(Stored records)
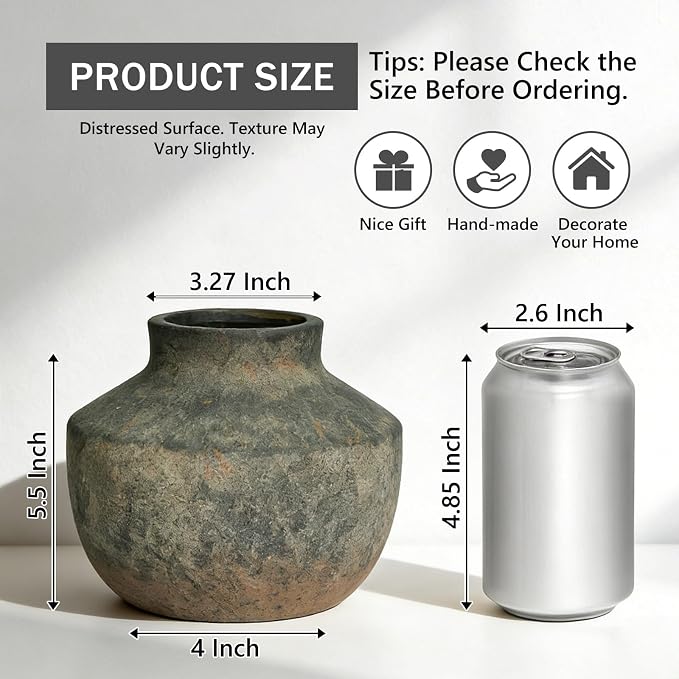 5.5 Inch Ceramic Vase, Small Decorative Vase - Image 2
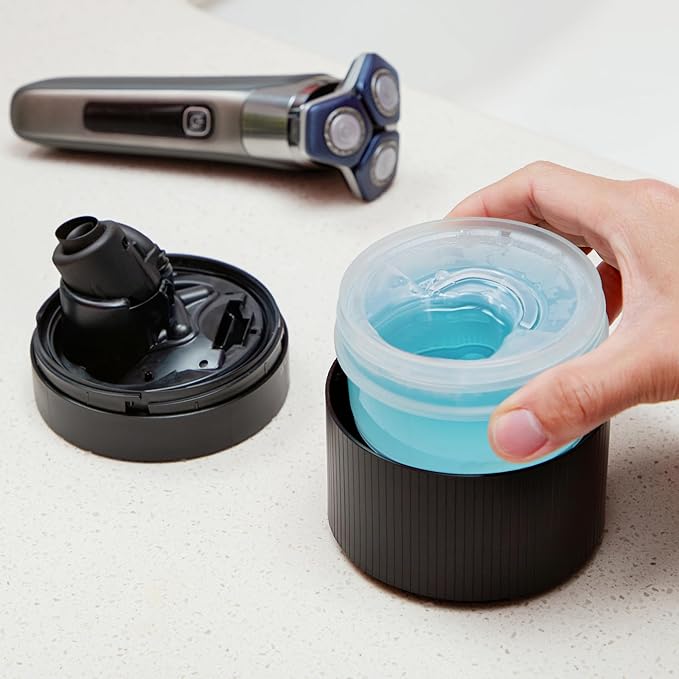 IMPRESA Electric Razor Cleaning Solution - Pre-Mixed Razor & Shaver Cleaning Solution - Compatible with Philips Norelco Quick Clean Pod Cartridge & SmartClean - Beard Trimmer Cleaner - 34.2 Fl Oz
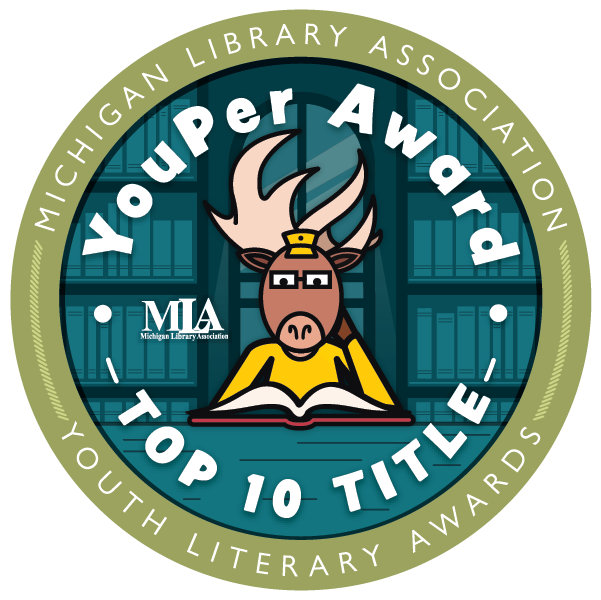 YouPer Award Top Ten Title seal with cartoon elk wearing glasses sitting at a table reading.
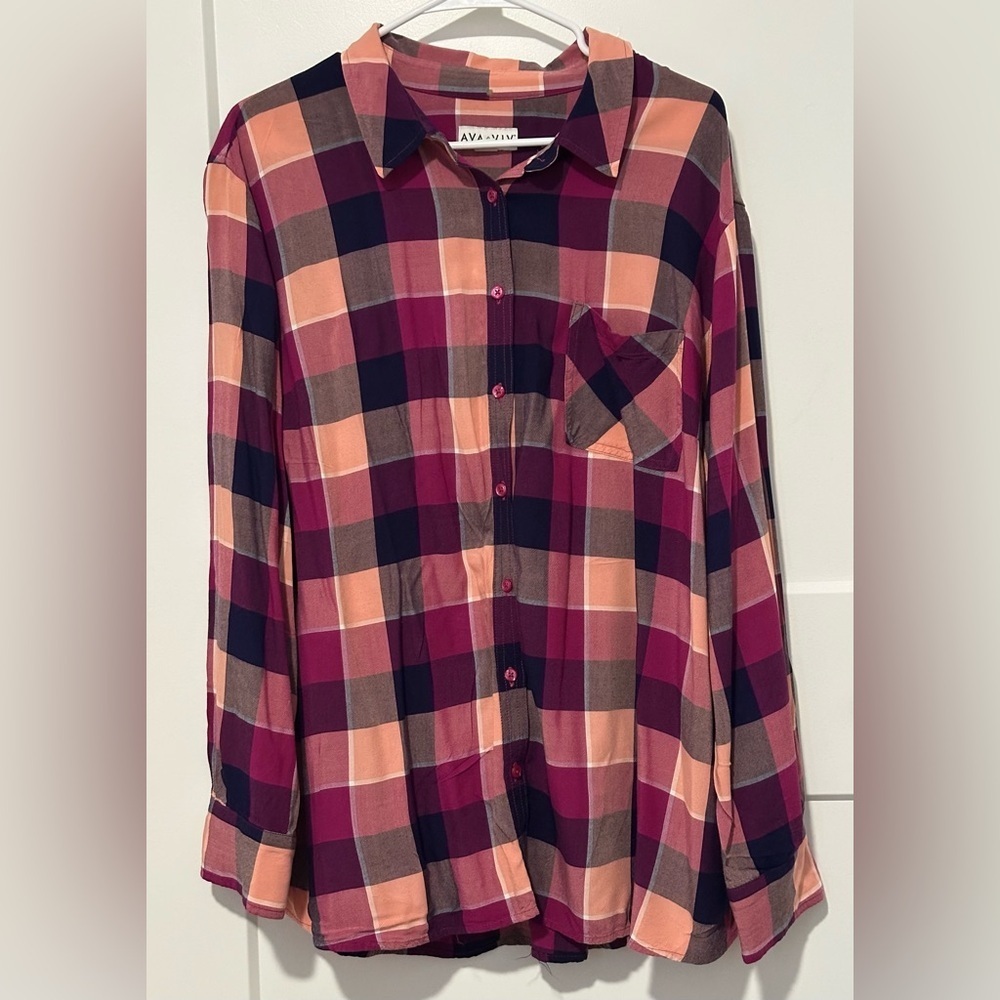 Ava & Viv Burgundy and Peach Button down Plaid Shirt - Picture 3 of 10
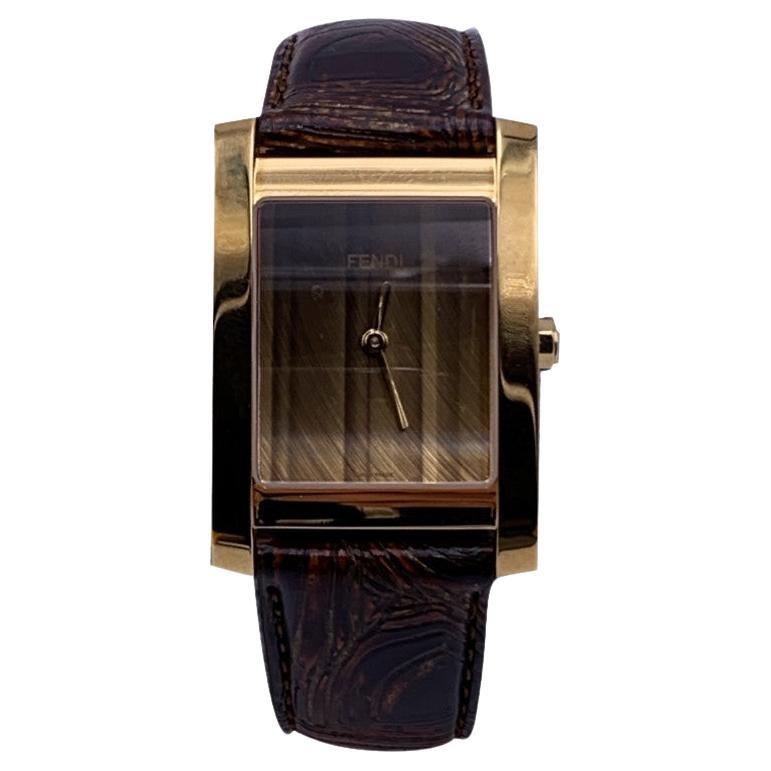 Scatola box FENDI orologio bracciale penna collana watch vintage case brown gold 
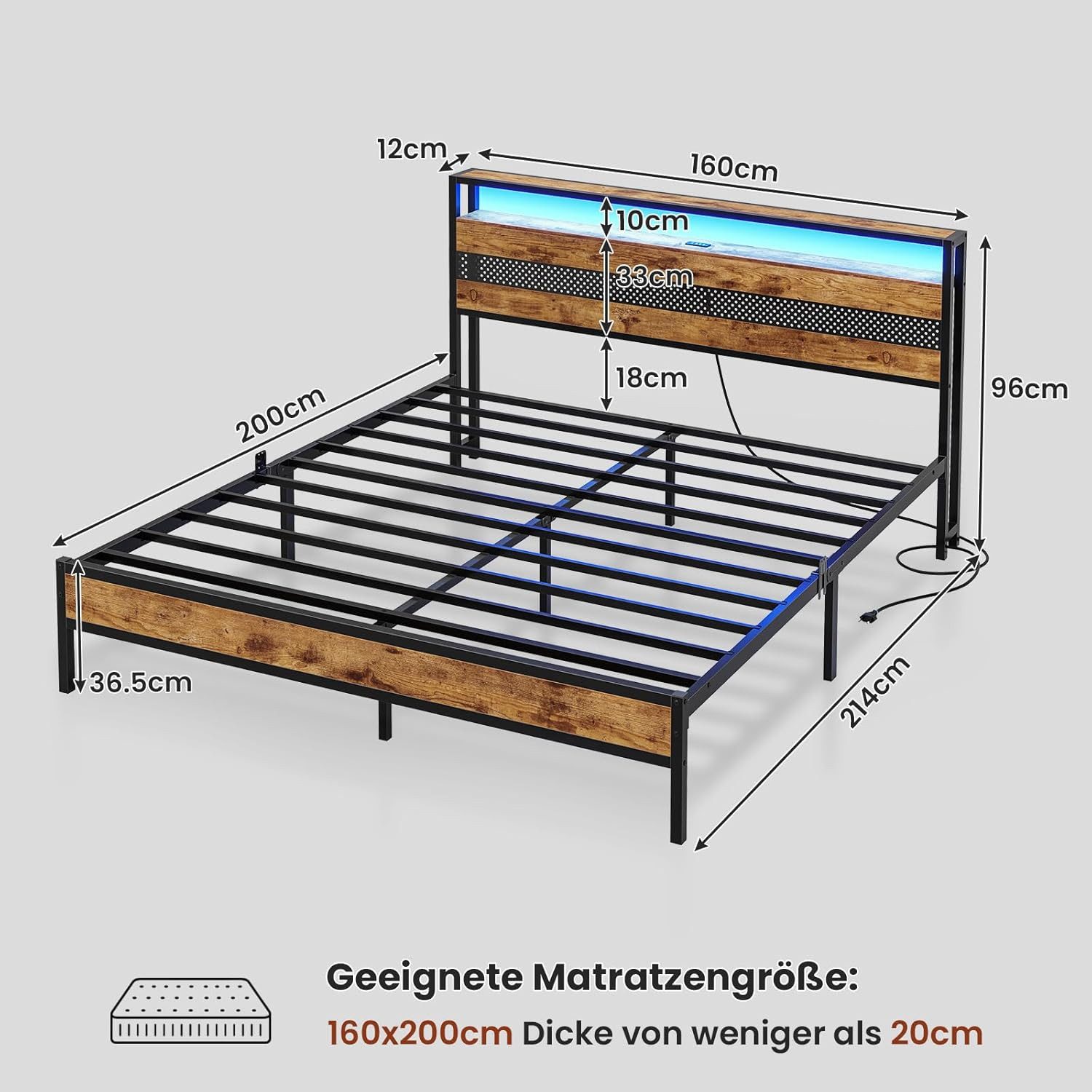 MSMASK Metallbett Bettgestell mit Steckdose und USB-Ladefunktion (Ohne Matr günstig online kaufen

[DIRECTIONS FOR THIS TASK] Every line of the data above is to be set down word for word, with the pictures left out.

[REPLY TO THE TASK]
 5.5 Inch Ceramic Vase, Small Decorative Vase - Image 2
 IMPRESA Electric Razor Cleaning Solution - Pre-Mixed Razor & Shaver Cleaning Solution - Compatible with Philips Norelco Quick Clean Pod Cartridge & SmartClean - Beard Trimmer Cleaner - 34.2 Fl Oz
 YouPer Award Top Ten Title seal with cartoon elk wearing glasses sitting at a table reading.
 Ava & Viv Burgundy and Peach Button down Plaid Shirt - Picture 3 of 10
 Scatola box FENDI orologio bracciale penna collana watch vintage case brown gold 
 MSMASK Metallbett Bettgestell mit Steckdose und USB-Ladefunktion (Ohne Matr günstig online kaufen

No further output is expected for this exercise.